We turned inland on to the road to Meknes. There was a police roadblock on the outskirts of Rabat. They were members of the French police, not the Gestapo, but even so it made Maman go very quiet and her shoulders went all stiff and crept up towards her ears. But Papa had all our papers in order and, after they’d peered at me and Annette sitting in the back of the car, they waved us on. The camouflage appeared to be working.
Maman’s shoulders relaxed again as we picked up speed. It was a bit like the road to the farm, very dusty, and we passed through quite a few settlements of various sizes where stray dogs came and barked at us as we passed in the car. All there was to look at were the scrubby trees and spiky bushes and the occasional donkey. In the distance, though, were the foothills of the mountains, like the humped backs of whales rolling along the horizon. They were faint at first, covered in a blue haze, but as the hours went by they became a bit clearer and you could start to pick out the shadows of valleys and the dark smudges of cedar forests.
The town of Meknes clamps itself on to a solitary hill that rises from the plain, looking a bit like a barnacle on a rock, and we reached it as the midday sun was beginning to make the car feel like being in the oven in our kitchen when Kenza is making bread. So we were very thankful to reach our first hotel and be able to stretch our legs.
In the room that Annette and I were to share there were two narrow beds and a washstand with a basin and a jug of water so we could splash our faces and wash our hands. It was almost lunchtime and so we went and sat at a table in the courtyard beneath some trailing vines that made it a nice cool spot. The waiter brought us our lunch, which was lots of little snacks like olives, and tapenade with khobz to spread it on to, and fried brionats, and slices of stuffed m’semmen pancakes. It was all quite delicious.

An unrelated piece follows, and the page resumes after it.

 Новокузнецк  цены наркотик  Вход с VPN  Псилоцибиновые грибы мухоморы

Afterwards Papa said we should all go and have a rest on our beds until the day cooled off a little and then we’d go out and explore the town. Annette fell asleep and snored a bit, while I read Lord Peter Views the Body, my next Dorothy L. Sayers book, which I got from the library before we left. Mademoiselle Dubois has now met Nina, as she comes with me to choose books sometimes, and she kindly lets us take out extra books on my ticket since she knows there are two of us reading them.
The town of Meknes felt a lot more peaceful than Casablanca. We wandered through the streets, where there were stalls with baskets of fruit and olives and some with leatherwork and Berber rugs. I stopped beside a man who was sitting in front of an easel, painting a picture of the turquoise minaret that rose like Rapunzel’s tower behind a wall covered in scrambling vines. He stopped painting and smiled at me, then asked me in French what I thought of his artwork. I told him I liked it very much, although I was mostly being polite as it just looked like a lot of rough blobs of paint really.

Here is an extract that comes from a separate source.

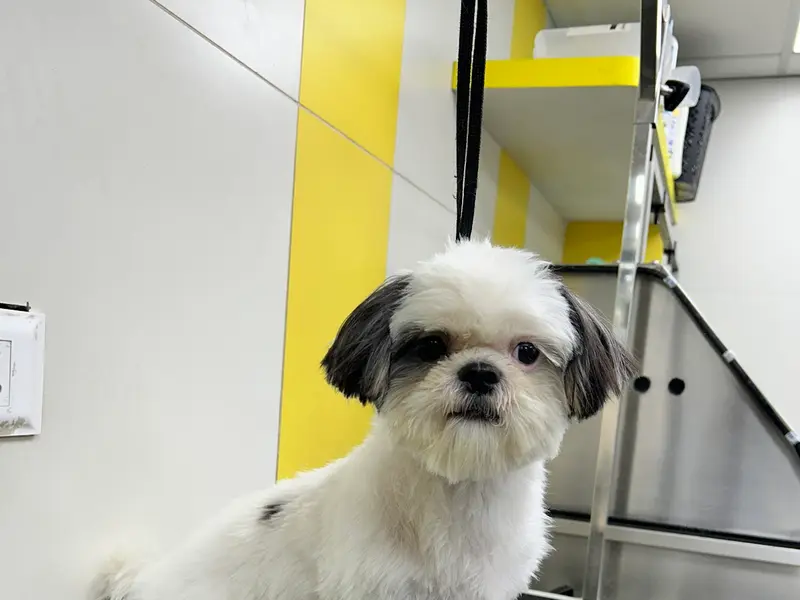 Zigly - Vet Clinic, Pet Grooming & Pet Products | Kothrud, Pune, photo 5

Then Papa, Maman and Annette arrived and he smiled even more and they got talking. His name is Gustave Reynier and he told us he likes painting scenes in Morocco because the light is so good. I looked at his painting again, which was a bit of a muddle close up, but then I stood back a little and suddenly I saw what he meant – the blobs of paint transformed themselves into the rug stall alongside the wall, a door with green shutters, and the trailing leaves of the vines. He’d managed to get the light and the shadows just right so that you could feel the heat and see the way the sunshine slanted along the pavement. I actually did like it very much then. He and Papa were getting on very well and Monsieur Reynier asked us if we’d care to join him for an aperitif at a local café. So we did and he told us stories of his painting adventures in Morocco and Algeria. He asked us where we were headed and when he heard our destination was Taza he nodded his head in approval. ‘You’ll enjoy seeing the mountains and the desert. It’s a fascinating landscape, far starker than the one around here, but beautiful in its way. Altogether a different light again.’

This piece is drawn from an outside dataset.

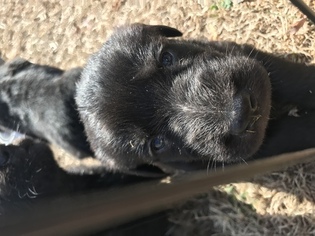 Shepadoodle Puppy for sale in EDGEWOOD, TX, USA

I wondered whether our bumping into Monsieur Reynier was part of Mr Reid’s secret plan for our trip, so I was watching carefully to see whether any brown envelopes were exchanged, but Papa just sipped his glass of pastis and chatted about Paris, which was another city that Monsieur Reynier loved. And then I remembered that I was the one who had struck up the conversation with him in the first place so I guess he was just a bit like one of Lord Peter Wimsey’s red herrings.
The next day we drove to Fez, which wasn’t nearly as long a journey as the day before, so we had more time for relaxing over breakfast under the vines in Meknes before we set off. The morning air was fresh and a pair of turtle doves were murmuring to one another in the branches of a fig tree in one corner of the courtyard, which reminded me of the ones at home in Casablanca, and of Nina and Felix of course. It made me very happy to imagine they’d drunk from the magic well and were accompanying me on this trip. I didn’t feel quite so anxious about having to be camouflage for Papa when I thought my friends were there to support me.